Dans le cadre du projet "Story killers", Le Monde a référencé les comptes Twitter utilisés pour populariser #RIP_Emmanuel. Et il a découvert qu'ils avaient été activés lors d'une vingtaine d'autres opérations de désinformation autrement plus sérieuses que la fausse mort d'un émeu. "On a été très surpris et impressionnés par le degré de sophistication technique de cette plateforme, et par les dispositions mises en place pour échapper aux mesures de détection de Facebook notamment, témoigne Damien Leloup, notre confrère du Monde. Aims est capable de générer des éléments techniques qui lui permettent vraiment de se faire passer pour un humain."
Six millions d'euros pour le report d'une élection
Dans une vidéo adressée à leurs clients qui résume leur savoir-faire, les membres de Team Jorge se vantent d'avoir aussi participé au sabotage de plusieurs scrutins, dont notamment le premier référendum sur l'indépendance de la Catalogne organisé le 9 novembre 2014. Il arrive parfois que Team Jorge renforce son dispositif automatique en recrutant des rédacteurs (des étudiants sachant écrire et parler des langues étrangères), dans les pays où il envisage une opération. En échange d'un Smic local, ils deviendront les "petites mains" des futures campagnes numériques.
Team Jorge nous raconte que, pour obtenir le report d'un scrutin dans un pays africain, il a facturé sa prestation six millions d'euros. "La première des choses qu'on a faites, c'était une recherche et une analyse très profondes sur le pays, raconte un des opérateurs.

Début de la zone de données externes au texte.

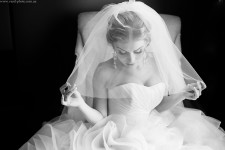 Wedding. Изображение 13185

Ensuite, il fallait savoir si le résultat du scrutin aurait des répercussions dans d'autres pays. Par exemple, aux États-Unis ou en Europe. Afin d'évaluer ce qu'on pouvait faire aussi là-bas pour servir les intérêts de notre client." La société active ensuite sa plateforme Aims. Elle inonde les réseaux sociaux. Mais la campagne se fait aussi avec des SMS qui relayent des messages politiques. Jusqu'à deux millions de SMS en une semaine : "L'objectif, c'est de créer une atmosphère sur le terrain comme à l'international qui permette de faire apparaître le report de l'élection comme étant la meilleure solution."
Placer ses cibles sur écoute
Autre volet de l'opération : semer la discorde au sein des clans qui contrôlent les leviers du pouvoir. "Nous devons être très malins pour provoquer des heurts entre les généraux et leurs familles. Entre chaque chef de tribu." D'où la nécessité de bénéficier de l'aide – pour ne pas dire la complicité – d'employés de compagnies téléphoniques locales pour mettre des cibles sur écoute, nous explique-t-on, afin de "savoir ce que pensent les responsables du camp adverse". La mise sur écoute est facturée 50 000 euros pièce, nous dit-on.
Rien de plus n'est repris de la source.